The same wells that energy companies drill to extract natural gas from shale formations could become repositories to store large quantities of carbon dioxide. A new computer model suggests that wells in the Marcellus shale, a 600-mile-long formation in the northeastern U.S. that is a hotbed for gas extraction, could store half the CO2 emitted by the country’s power plants from now until 2030 (Environ. Sci. Technol. 2013, DOI: 10.1021/es401221j).
Although switching from coal-fired power plants to ones that burn shale gas could slow the growth of CO2 emissions, the overall demand for energy is increasing, so total carbon emissions will continue to climb, says Andres F. Clarens, an environmental engineer at the University of Virginia. Some researchers have proposed mitigating this trend by capturing CO2 at power plants and injecting it into deep saline aquifers, a process called geologic sequestration. But Clarens sees potential to sequester CO2 in depleted shale-gas wells.
Shale is not very permeable, so “these are not the most intuitive places to store CO2,” Clarens says. “It’s hard to get anything in or out of it.” But the hydraulic fracturing, or fracking, process used to extract methane could provide a way to pump in CO2. In the fracking process, pressurized liquid blasts the shale rock, creating cracks that allow the gas to seep out to the well. The network of cracks left behind could be filled up with CO2 before the depleted wells are sealed. The idea is appealing because it would not require building any new infrastructure to sequester CO2. For example, storing the emitted gas in saline aquifers would require new drilling. By putting CO2 back into depleted shale gas formations, Clarens says, “we could close the loop on carbon.”
To examine the feasibility of storing CO2 in shale, Clarens built a computer model to estimate how much the Marcellus shale could handle. One main input to the model is diffusivity—a measure of how readily methane comes out of wells in a particular shale formation. For wells in the Marcellus shale in Pennsylvania, the team used data from a state database to estimate diffusivity. This methane data is used to predict how readily CO2 would diffuse into the shale. The other main input to the model describes the gas-absorbing properties of organic matter, called kerogen, within shale, which have been studied experimentally by other groups. Micropores within kerogen store most of the methane in these formations. Clarens expects CO2 would move into these pores and adsorb to the kerogen surface.
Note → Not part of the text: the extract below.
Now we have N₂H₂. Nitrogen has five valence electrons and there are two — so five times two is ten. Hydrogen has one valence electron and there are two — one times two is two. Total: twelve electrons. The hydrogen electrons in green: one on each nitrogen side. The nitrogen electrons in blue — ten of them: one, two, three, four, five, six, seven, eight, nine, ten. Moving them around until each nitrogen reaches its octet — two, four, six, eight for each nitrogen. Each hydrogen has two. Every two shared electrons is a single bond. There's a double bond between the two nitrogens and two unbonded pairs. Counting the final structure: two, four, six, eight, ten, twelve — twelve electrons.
The storage capacity numbers are encouraging, Clarens says. CO2 would move into the well much faster than methane comes out, and it would stay there. That’s good news, he says, because if it takes too long to get the gas underground, the process would be too expensive and impractical.
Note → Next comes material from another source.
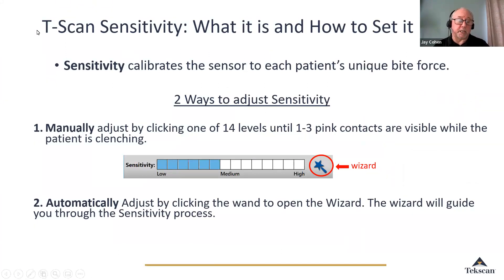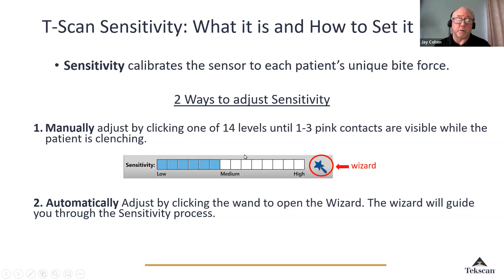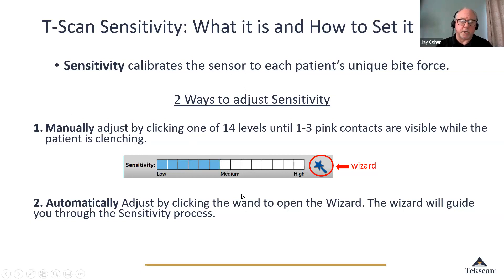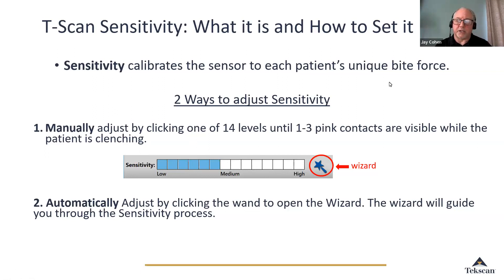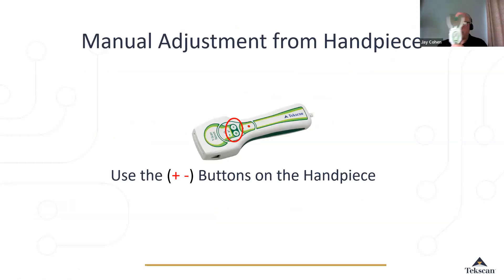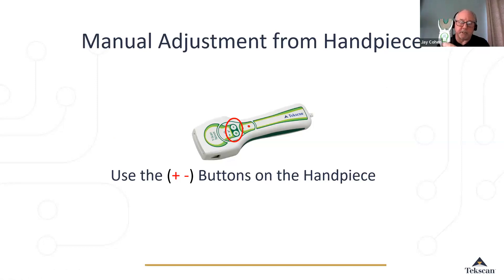One is manually by clicking the levels. We have a control bar across the bottom of the screen with 14 levels of sensitivity. You can do it automatically by clicking the wizard, which will guide you through the process. You can also set the sensitivity from the T-scan handpiece using the plus and minus buttons.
Based on the amount of gas the formation is expected to produce, he calculates that the Marcellus shale could store between 10.4 and 18.4 billion tonnes of CO2 between now and 2030. That amount is more than half of the expected total U.S. CO2 emissions from power plants over that time. And power plants account for about one-fifth of the country’s emissions. Clarens has started experimental studies on crushed shale to validate the storage potential predicted by the model.
Sarah Gasda, an engineer specializing in CO2-sequestration modeling at the Center for Integrated Petroleum Research in Norway, says storing CO2 in shale wells has potential and that the use of existing infrastructure is a good selling point. However, she cautions that the model does not consider several important factors, including the buoyancy of the gases, the heterogeneity of these kinds of formations, and the presence of water and other fluids, all of which will affect how much CO2 will be absorbed by fractured shale. But given the carbon problem in the U.S., “all options should remain on the table,” Gasda says.